Until the next morning.
After a night filled with terror dreams, I woke up to what was
happening. I checked through my list of questions before I give into the Simmering Flashback:
I had a person close
to help me.
I realized the flashback’s agenda.
AND
For the first time I could hear a resolution to the trauma.
So, I let it go.
The Daniel Sloss Special triggered small common threads from
every negative experience I had over my lifetime. Tied them all together and
plugged them in. As if I was standing in a media room with 20 televisions
turned on and each volume was at 11.
The focus of this cacophony: My Vagina never belonged to me.

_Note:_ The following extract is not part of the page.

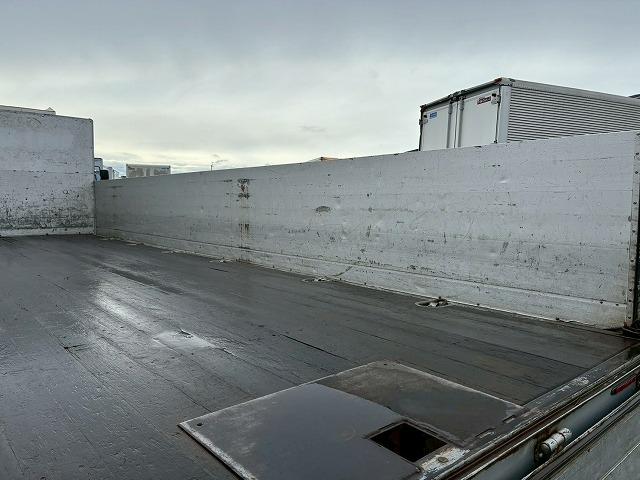 ヒノレンジャー 　Ｈ３０年式　日野　アルミブロック　フルキャブ　ベッド付き　６２００　フルワイド　トランテックス　３．６トン積載　６速　ＭＴ　マニュアル　４ｔ　８ｔ　中型　平ボディ（20枚目）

Each channel played a different owner:
Meanwhile, I could hear this scene from the Netflix show Sex
Education, in faint background muzak, “It’s my Vagina.”
Those words gently repeated over and over. As I relaxed,
focused on my breath, the smell of the sheets, the birds outside, the tears
running down my face. That concert of trauma began to quiet while a chorus of
women’s voices grew,
“It’s my Vagina.”
I waited until all I could hear was those gentle words.
Anxiety released my muscles. I was held for a while. I
talked about what happened. I felt so light. Each of those memories didn’t hurt
anymore. My skin didn’t feel uncomfortable. For the first time I felt at ease
within myself, from my head all the way to my toes.
Each day since then, the reflection in the mirror becomes
kinder. I almost see what others see, I think. I can sleep, most nights,
peacefully.
When I saw the Audition Call for the show. I wondered what
else I could learn about myself. What it meant to just be a woman. A Human
Being opposed to a Human Doing.
I was given three
parts. I sat quietly in rehearsals and just listened. Absorbed words from women
I will never meet spoken by women I just met. No judgment or bias. Free from
all assumption. None of those women knew my story, nor did I have to explain
it.
All I had to do was be in the room.
I felt warm and nurtured, a healing balm added to what started
so many months ago. My body really belongs to me. I am more than my Vagina, yet
at the same time, my Vagina is what makes me a woman.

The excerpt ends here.